- **Problem description**
What you return should be only the lines in the entries below between the one holding "Ford Kuga III, 2017" and the one holding "Computador Desktop Positivo", ends included, with every picture left out.

- **Data to examine**
=-=-=
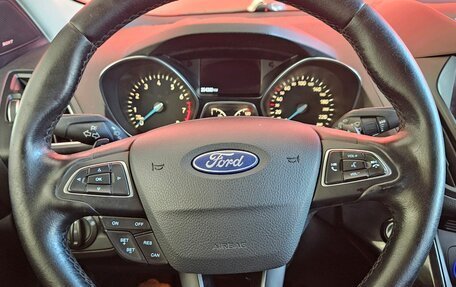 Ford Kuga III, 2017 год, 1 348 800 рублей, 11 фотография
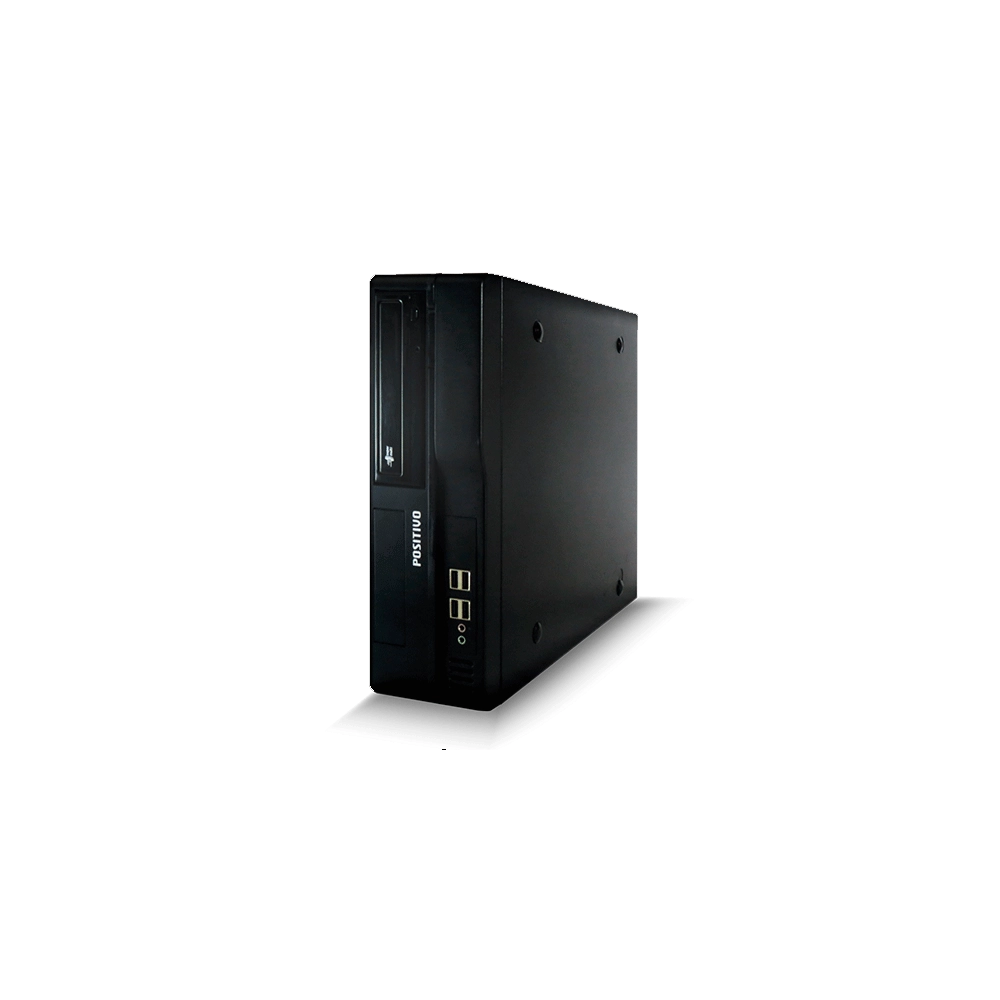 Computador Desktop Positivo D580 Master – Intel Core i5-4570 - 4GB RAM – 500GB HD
=-=-=
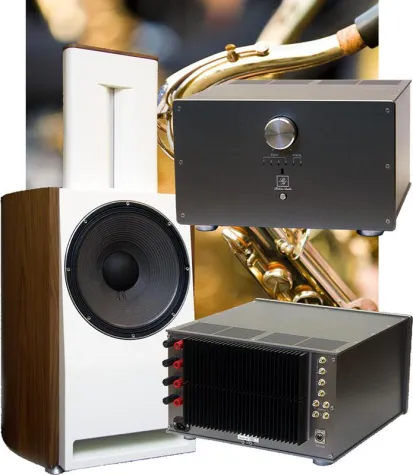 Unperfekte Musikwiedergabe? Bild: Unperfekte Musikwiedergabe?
=-=-=
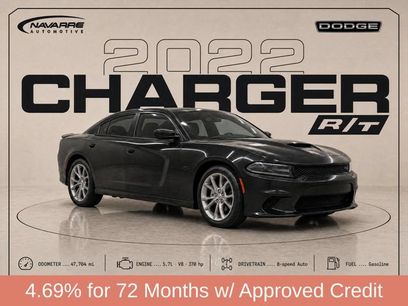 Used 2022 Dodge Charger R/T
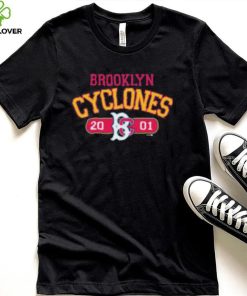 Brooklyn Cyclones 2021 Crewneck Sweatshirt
=-=-=
- **Your response**
 Ford Kuga III, 2017 год, 1 348 800 рублей, 11 фотография
 Computador Desktop Positivo D580 Master – Intel Core i5-4570 - 4GB RAM – 500GB HD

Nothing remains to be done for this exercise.